Your task.
Leave out all images and set down the records exactly as given.

Excerpts from a dataset
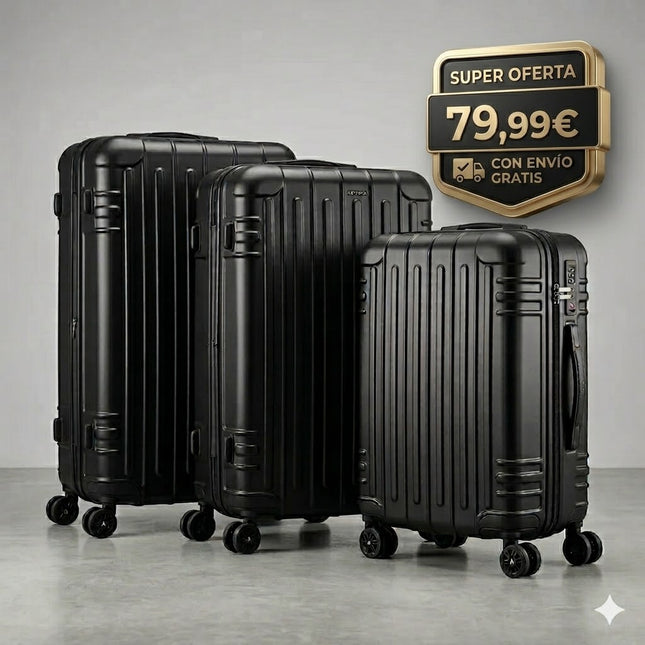 Set de Maletas Travel Pro 3 Piezas – Negro Rígido con Ruedas 360°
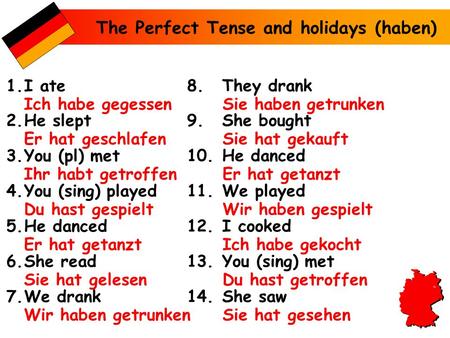 The Perfect Tense and holidays (haben)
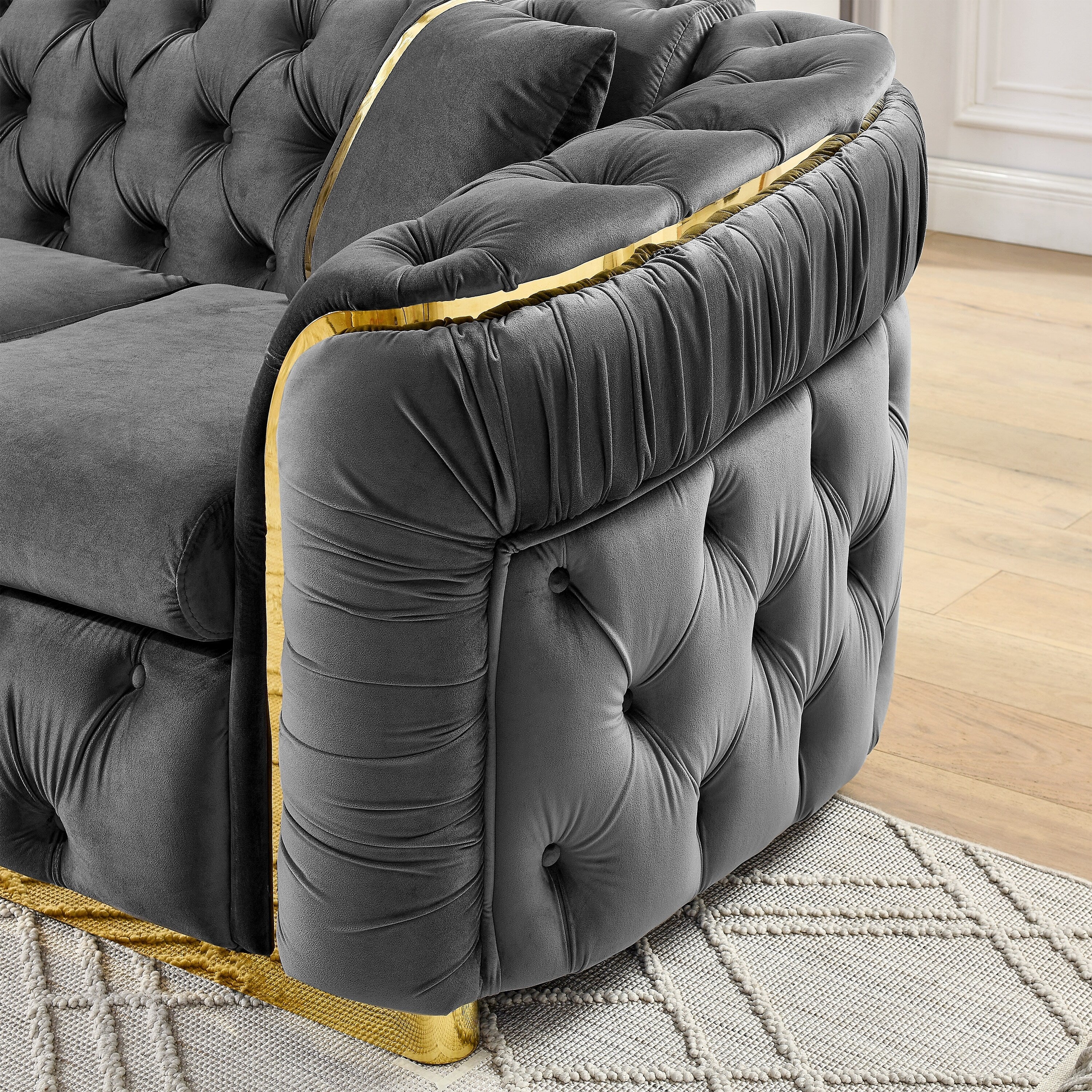 90.6 Velvet 3-Seater Sofa with 2 Pillows High-Density Cushions, Gold Accents, and Pillows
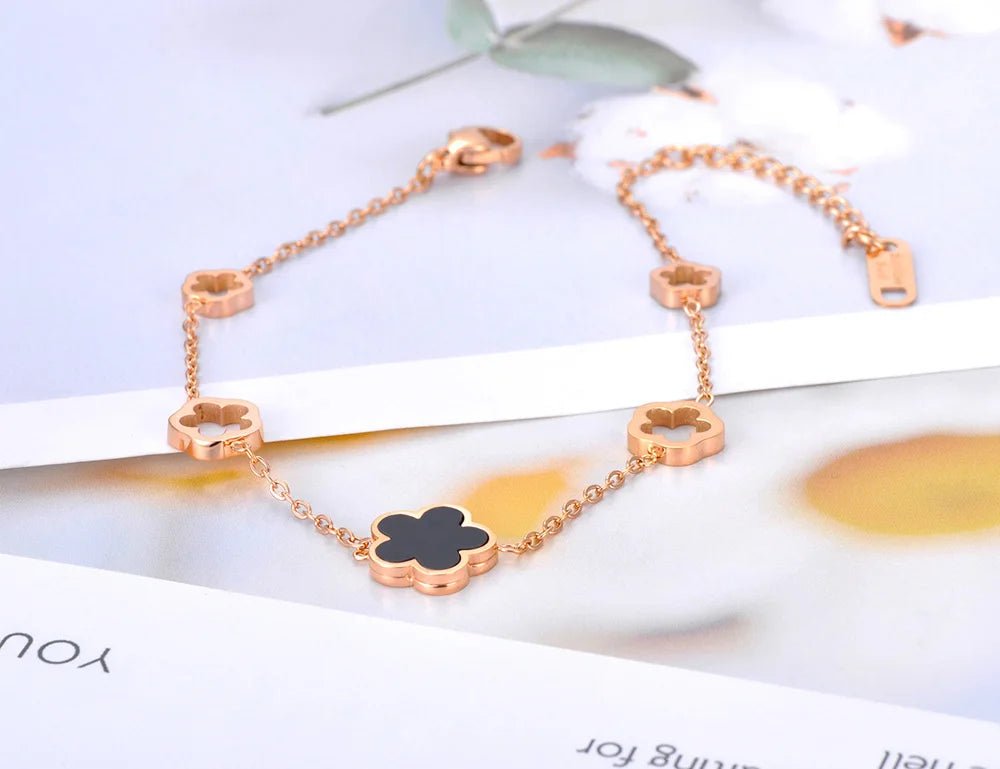 Lokaer Trendy Stainless Steel White Black Green Shell Flower Charm Bracelets For Women Girl Chain & Link Bracelet Jewelry B19056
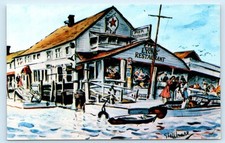 Cartão postal SOUTH NORWALK, CT Connecticut ~ LYON'S PIER RESTAURANT c1950s Roadside, usado comprar usado  Enviando para Brazil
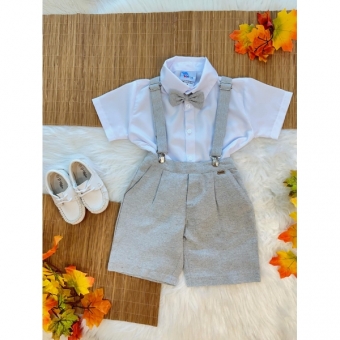 Conjunto Social Camisa Gravata Short e Suspensório Cinza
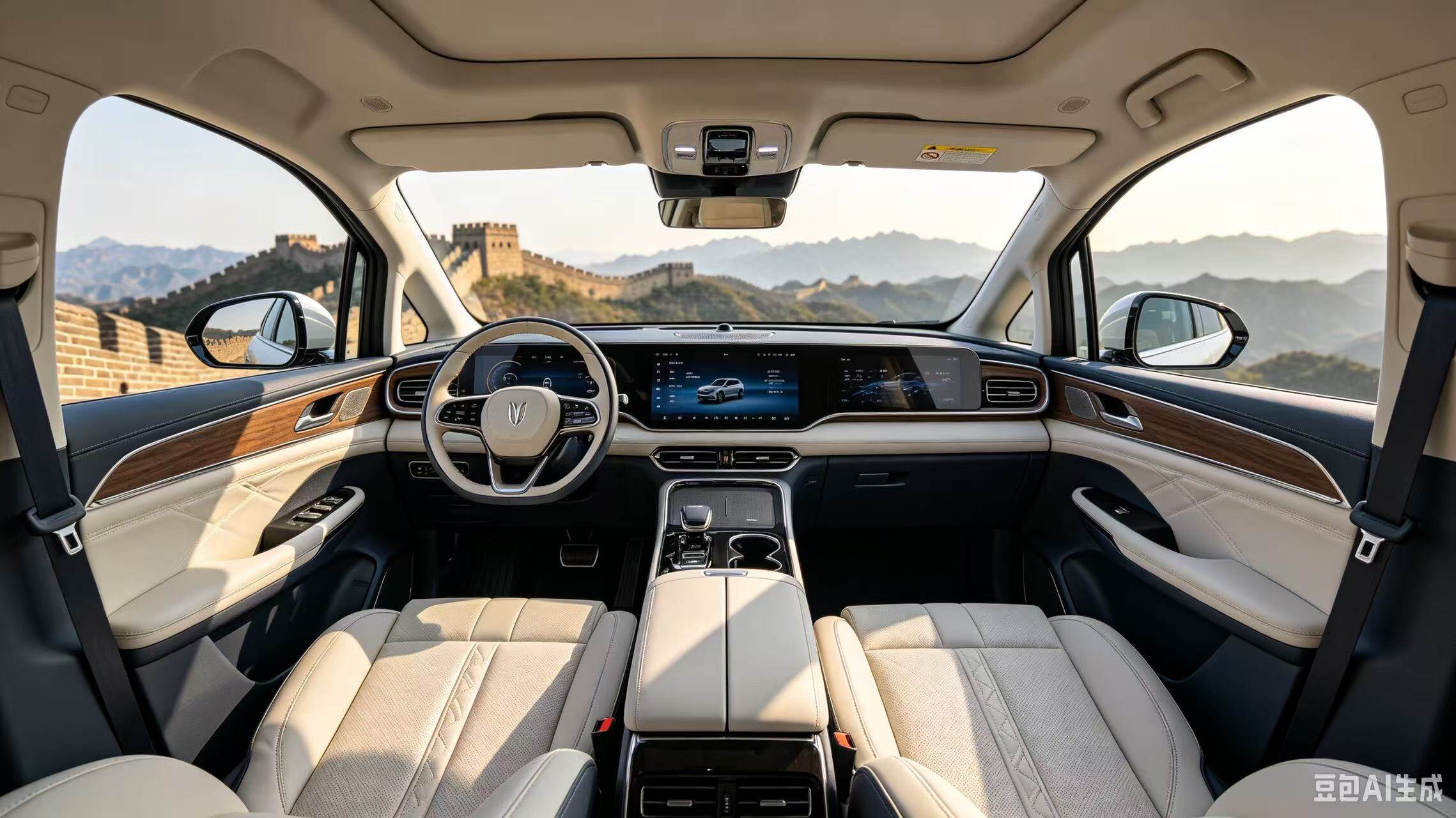 Spacious smart cabin of the reception SUV with panoramic screens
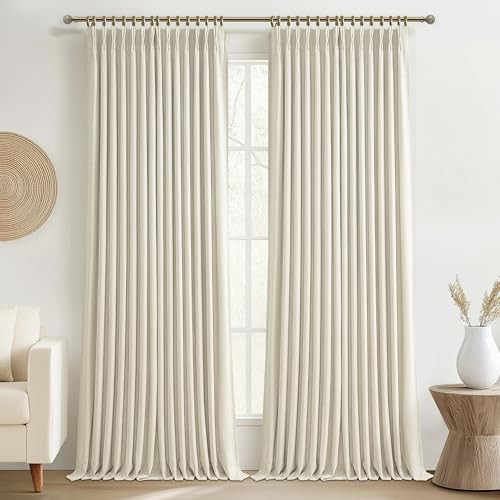 Cream Beige Floor to Length Tall Curtains & Drapes 108 Inches Long 2 Panels for Living Room, Lush... | Amazon (US)
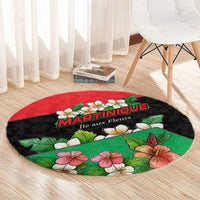 Martinique Island Pride Round Carpet Tropical Hibiscus and Plumeria Floral Flag Design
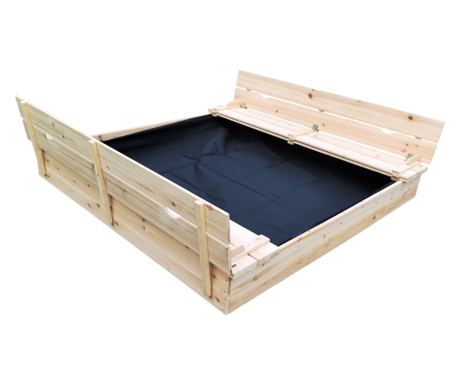 Nagy Gyermek Homokozó Padokkal és Összecsukható Fedéllel GINGER HOME 157x157x21cm, Fa
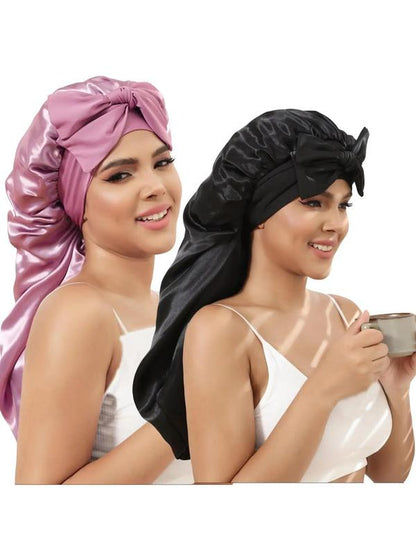 Women'S Durable Simple Style Solid Color Night Cap, Hair Care Cap with Elastic Band, Casual Hair Cap for Daily Use, Sleeping Cap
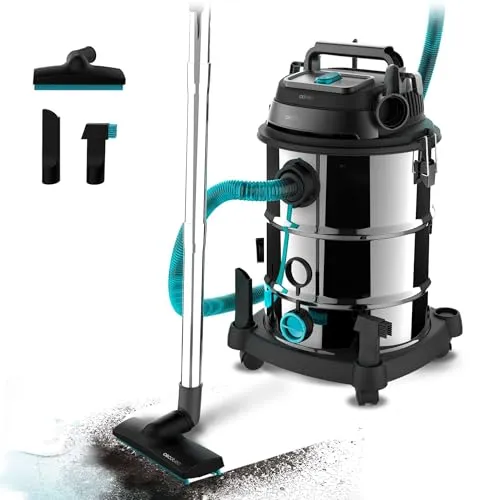 Conga Rockstar Wet & Dry Steel Pro - Schlittenstaubsauger - Nass- und Trockensauger mit 30 l Metallbehälter und 1600 W Leistung, ideal für alle Oberflächen. Mit Doppelfilterung für saubere Luft und 3 nützlichem Zubehör.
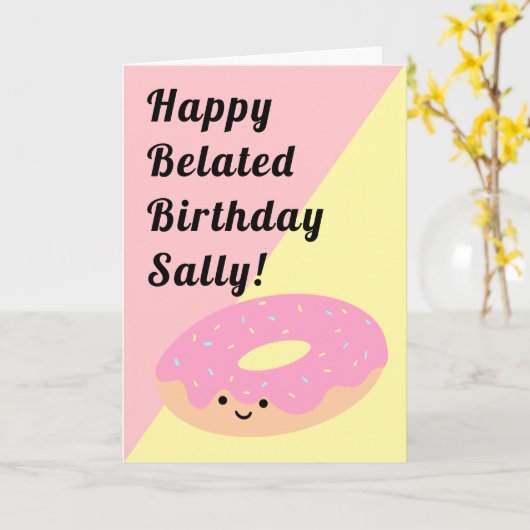 Roze en gele noot | Happy Birthday Folded Kaart (Gele Bloem)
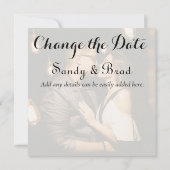エレガントモダンバラ金ゴールド写真の変更日結婚の値 カード (裏面)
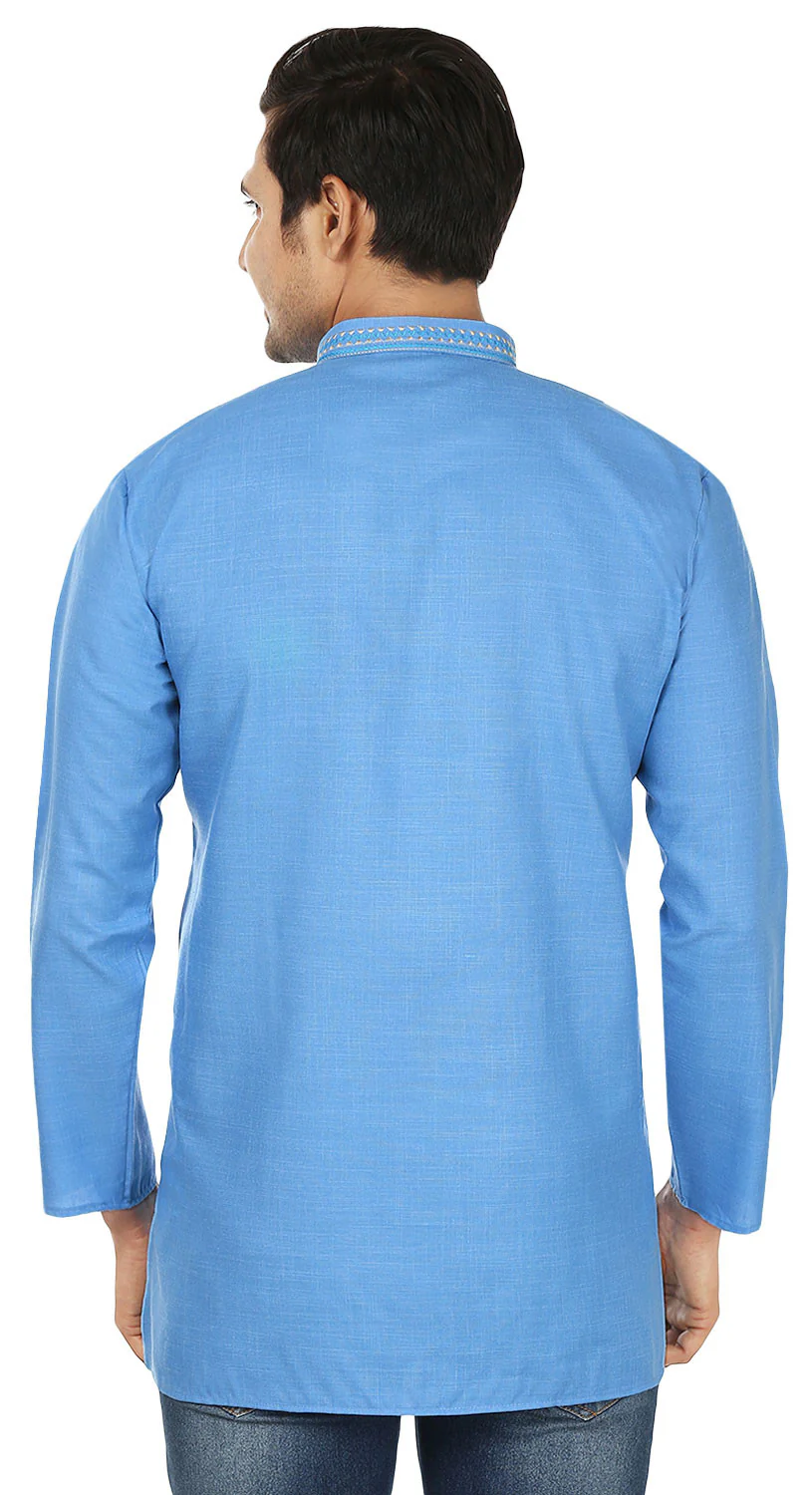Indian Clothing Embroidered Cotton Short Kurta for Men (Blue) - Image 3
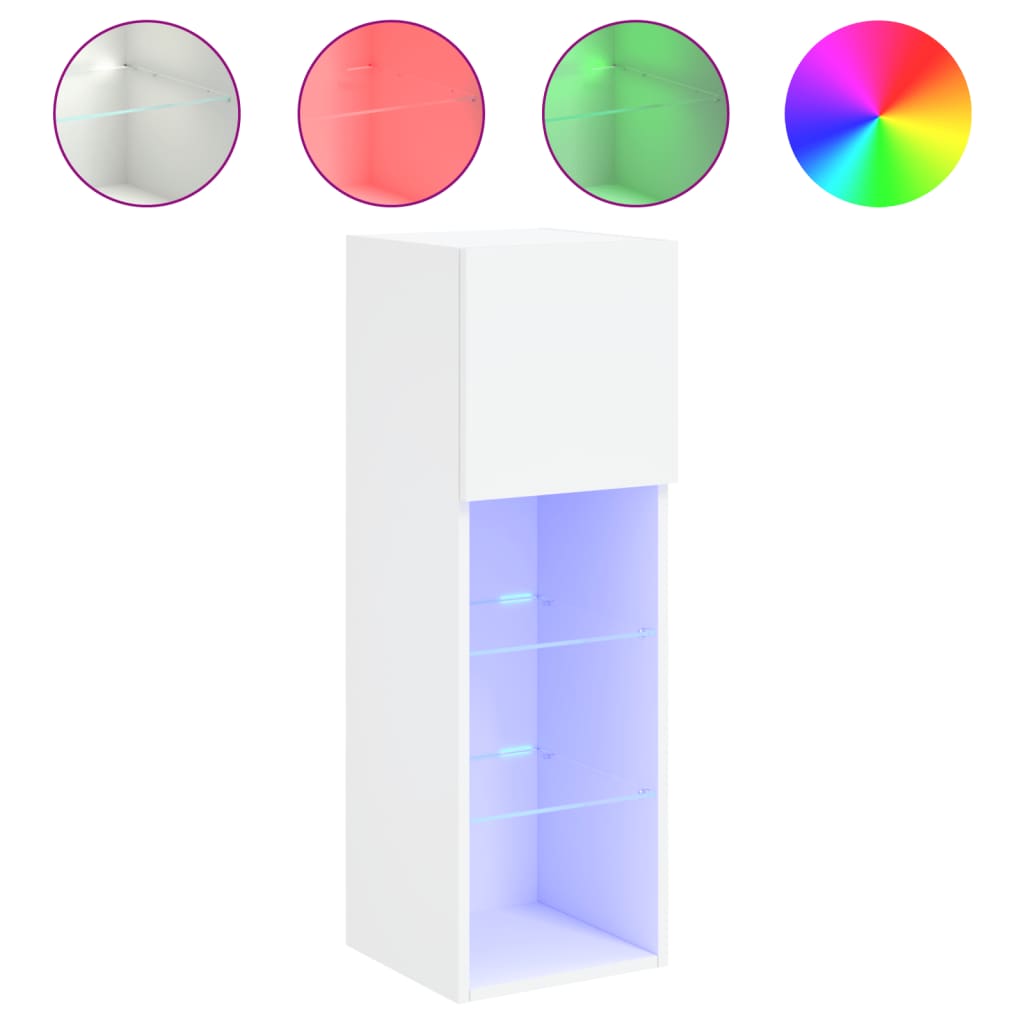 TV Cabinet with LED Lights White 30.5x30x90 cm
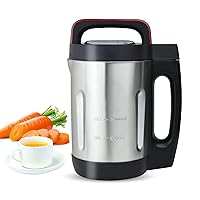 bathivy Soup Maker, Automatical Multi-Function Fresh Soup and Smoothie Make Machine | 2 Liters, 6 Functions, Stainless Steel, LED Display | Blend, Smooth, Chunky, Compote, Pre-heat, Clean (Red)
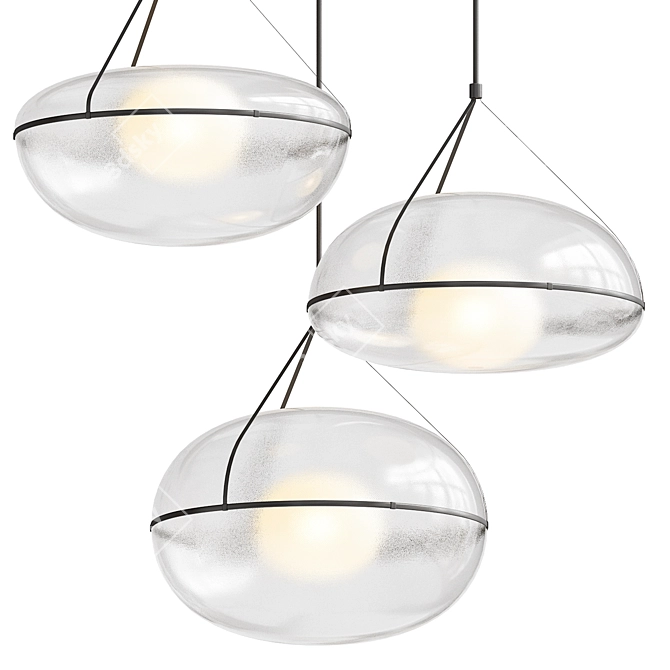 Elegant Iris Pendant Light 3D model image 1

Answer space.
 Set de Maletas Travel Pro 3 Piezas – Negro Rígido con Ruedas 360°
 The Perfect Tense and holidays (haben)
 90.6 Velvet 3-Seater Sofa with 2 Pillows High-Density Cushions, Gold Accents, and Pillows
 Lokaer Trendy Stainless Steel White Black Green Shell Flower Charm Bracelets For Women Girl Chain & Link Bracelet Jewelry B19056
 Cartão postal SOUTH NORWALK, CT Connecticut ~ LYON'S PIER RESTAURANT c1950s Roadside, usado comprar usado  Enviando para Brazil
 Conjunto Social Camisa Gravata Short e Suspensório Cinza
 Spacious smart cabin of the reception SUV with panoramic screens
 Cream Beige Floor to Length Tall Curtains & Drapes 108 Inches Long 2 Panels for Living Room, Lush... | Amazon (US)
 Martinique Island Pride Round Carpet Tropical Hibiscus and Plumeria Floral Flag Design
 Nagy Gyermek Homokozó Padokkal és Összecsukható Fedéllel GINGER HOME 157x157x21cm, Fa
 Women'S Durable Simple Style Solid Color Night Cap, Hair Care Cap with Elastic Band, Casual Hair Cap for Daily Use, Sleeping Cap
 Conga Rockstar Wet & Dry Steel Pro - Schlittenstaubsauger - Nass- und Trockensauger mit 30 l Metallbehälter und 1600 W Leistung, ideal für alle Oberflächen. Mit Doppelfilterung für saubere Luft und 3 nützlichem Zubehör.
 Roze en gele noot | Happy Birthday Folded Kaart (Gele Bloem)
エレガントモダンバラ金ゴールド写真の変更日結婚の値 カード (裏面)
Indian Clothing Embroidered Cotton Short Kurta for Men (Blue) - Image 3
 TV Cabinet with LED Lights White 30.5x30x90 cm
 bathivy Soup Maker, Automatical Multi-Function Fresh Soup and Smoothie Make Machine | 2 Liters, 6 Functions, Stainless Steel, LED Display | Blend, Smooth, Chunky, Compote, Pre-heat, Clean (Red)
 Elegant Iris Pendant Light 3D model image 1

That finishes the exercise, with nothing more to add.